# Installing a New Trolling Motor Puck - Nida Core Deck?



## Ronel10 (Apr 17, 2019)

I have a 2014 Beavertail Strike. I finally decided to remove the old 55lb MK Riptide and have ordered a new 80 lb Motorguide Xi5. The riptide was on a quick Release puck, and I want to do the same with the motorguide. The MK appears to be through bolted with a backing plate. However, I can’t reach the nuts under the deck. Plus, the MG will require new holes and through bolts. How do I remove the old puck and through bolt the MG puck without being access the area under the deck? The only solution I can think of involves adding a new access hole in the deck …. I don’t want to do that! Thanks For any advice you can provide!


----------



## eberin (Jul 11, 2018)

Not sure how you can remove the old puck and nuts underneath other than an angle grinder?

however I had a similar situation on my G3 and used toggle bolts, picked them up at Home Depot and found the ones that matches my screw

so far no issues, granted it’s only been installed 4 months


----------



## Ronel10 (Apr 17, 2019)

Thx. Is it worth springing for the stainless toggle bolts available at West Marine? I’m a little worried the others would rust quickly.


----------



## eberin (Jul 11, 2018)

Not sure of the difference but any advantage that you can take on a boat I’d take.


----------



## Ronel10 (Apr 17, 2019)

I edited the title to this post to hopefully attract someone with experience with Nida Core. After drilling into the deck of the BT to install the anchors, I realized that the Nida Core (or similar) deck is too thick and the space between the bottom of the deck and the hull is tool small for the toggle to fit. The fiberglass layer on the core material seems to be too thin to properly anchor the puck. Is there a way to do this without cutting into the deck? I’m hoping that i can take advantage of the 4 holes that I drilled for the anchors … built I definitely stuck at the moment.


----------



## topnative2 (Feb 22, 2009)

Send your girl up there w/ a wrench or put a pie hole in to get access...

How about a..... https://www.boatoutfitters.com/material/plastic-sheet......round over the edge to make it "professional".There is special adhesive out for starboard

It has been recommended in past posts to drill larger blind holes and fill w/ epoxy and then pre-drill to the appropriate size and screw the "gizmo" on.

I would add some 5200 to the puck itself just to anchor it


----------



## Waves1 (Oct 13, 2021)

I had the same problem. I trimmed the toggle shorter with a cutoff blade on my dremel until I could get it to open.
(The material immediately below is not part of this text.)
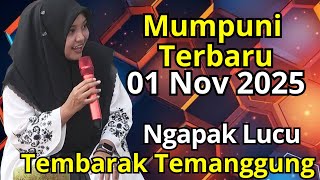 Download lagu Mumpuni Terbaru 01 Nov 2025 | Pengajian Ustadzah Mumpuni Handayayekti Terbaru ( TEMBARAK LOR)  mp3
I cut more than half of the material away to get it to work. And yes the stainless ones are worth it.


----------



## Ronel10 (Apr 17, 2019)

Waves1 said:


> I had the same problem. I trimmed the toggle shorter with a cutoff blade on my dremel until I could get it to open. I cut more than half of the material away to get it to work. And yes the stainless ones are worth it.


How well did the smaller anchors hold? Any problems so far?


----------



## Ronel10 (Apr 17, 2019)

topnative2 said:


> Send your girl up there w/ a wrench or put a pie hole in to get access...
> 
> How about a..... https://www.boatoutfitters.com/material/plastic-sheet......round over the edge to make it "professional".There is special adhesive out for starboard
> 
> ...


The link you added does not work. What product are you referencing? Starboard to cover the access hole? 

For the backfill with epoxy, I’m assuming the puck is just screwed in and not through bolted. Is that how others have done it?


----------



## topnative2 (Feb 22, 2009)

Ronel10 said:


> The link you added does not work. What product are you referencing? Starboard to cover the access hole?
> 
> For the back-fill with epoxy, I’m assuming the puck is just screwed in and not through bolted. Is that how others have done it?



https://www.boatoutfitters.com/................

ref. materials king board,acrylic etc..


Yes........ It has been done to secure all kinds of stuff.....consoles etc....I do not remember if a puck was done

All coring is a PIA when attaching stuff in difficult spots.....try google or the hull truth......never know

reach out to JCDesigns or firecat?......all w/ experience


----------



## backbone (Jan 4, 2016)

Take it to BT! Cry once...


----------



## Yeticrusher01 (Nov 16, 2021)

Ronel10 said:


> I edited the title to this post to hopefully attract someone with experience with Nida Core. After drilling into the deck of the BT to install the anchors, I realized that the Nida Core (or similar) deck is too thick and the space between the bottom of the deck and the hull is tool small for the toggle to fit. The fiberglass layer on the core material seems to be too thin to properly anchor the puck. Is there a way to do this without cutting into the deck? I’m hoping that i can take advantage of the 4 holes that I drilled for the anchors … built I definitely stuck at the moment.


What about inserting a piece of all thread thats almost the exact size of the hole than get some quick set, self mixing epoxy that comes in a syringe and hold the all thread in place at the height you want while you inject the epoxy in and around the stud


----------



## Ronel10 (Apr 17, 2019)

That may work (kind of like setting a concrete anchor or bolt in concrete). The downside is the puck. The recessed holes would have to be drilled out to allow room for a locking nut to be tightened so that it does not extend past the top of the puck. I would have to check the thickness of the puck to see if that is possible.


----------



## Yeticrusher01 (Nov 16, 2021)

You shouldn't need to drill the holes out too much. You could use a flat nut and lock washer plus some red loctite. I'd also add a bit of that epoxy to the bottom of the puck when you set it in place


----------